Students play with a plasma ball at the 51st BT Young Scientist Technology Exhibition at the RDS in Dublin.
The judges whittled down the entries from a record 2,077 to 550 qualified projects last October. “We had to screen out three-quarters of the applicants at that stage and even quite good projects did not make it,” he said.
He described the projects that were on display to the public for the first time yesterday as “really excellent”.
Before the top winner is announced tonight, each project will have been judged at least three times.
Prof Barry said the judges were looking for a combination of enthusiasm, imagination, good science, good communications, and youthful energy. “The overall standard is up. There are some really outstanding projects in our category and the ones that are not outstanding are very good.
“I think the students are not afraid of hard work. Most began working on their projects last September.”
Prof Barry, who has been a judge at the exhibition for 25 years, has found most projects are now based on surveys and statistical analysis.
A statistical study on people’s attitude to allergies, including anaphylaxis, formed the mainstay for Mia Hynes, a second-year student at Kinsale Community School, Cork.
Mia, 14, found, through a survey of 880 people, that one in five of us have an allergy. She also found that three out of four (75%) people know someone who has an allergy.
“People’s knowledge about allergies could be described as fair but I would like to see more public information on the issue,” Mia said, adding that, even if she does not win a prize, she hopes to take her project further. “I can’t wait to come back here next year after making improvements to this project because I can expand it in so many ways.”
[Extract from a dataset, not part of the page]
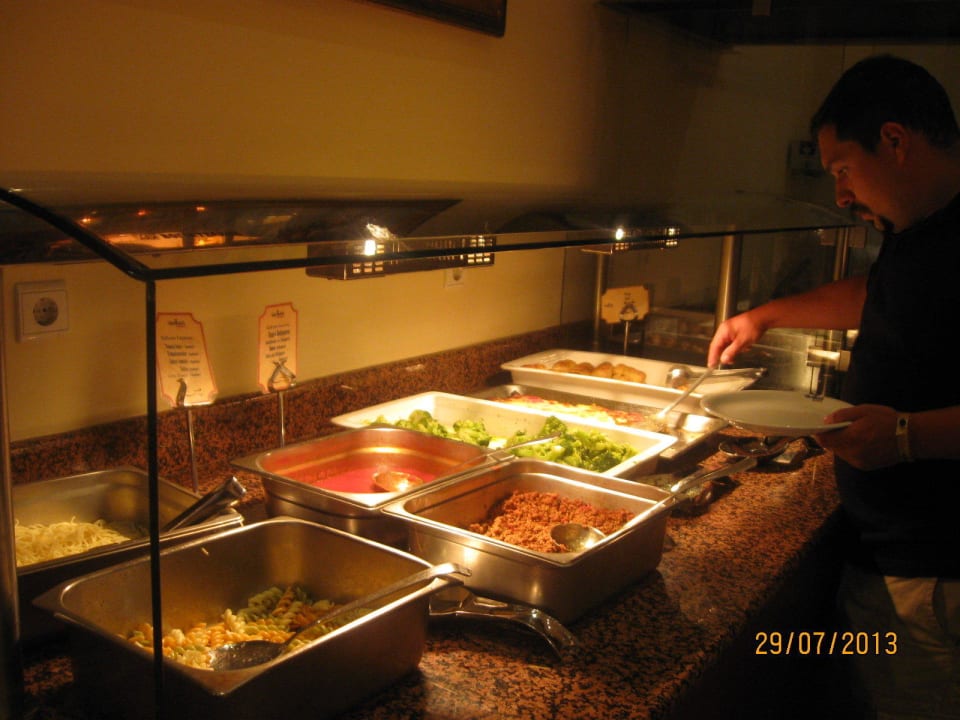 Warmes Buffet Vantaris Luxury Beach Resort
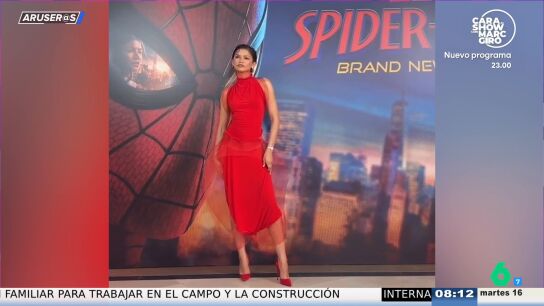 Zendaya eclipsa Madrid posando con Tom Holland y luciendo un vestido rojo de firma espa&ntilde;ola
Three teenagers who are also students at Kinsale Community School found that radio frequencies from recently installed water meters affect mobile phone signals.
Claire Bernard, Alana McSweeney, and Sarah Cotter of Kinsale Community School found that water meters are having an effect on mobile phone frequency, but they haven’t told Irish Water just yet.
Second-year students, Alana McSweeney, 14, Claire Bernard, 13, and Sarah Cotter, 14, found that the signal of a mobile phone weakened if it was within 3m of a water meter.
They have not told Irish Water about their findings but are happy that they have proved their case. “We did a lot of testing,” said Sarah. “We conducted 1,413 tests in 471 houses. We analysed all the data and got a 95% confidence level.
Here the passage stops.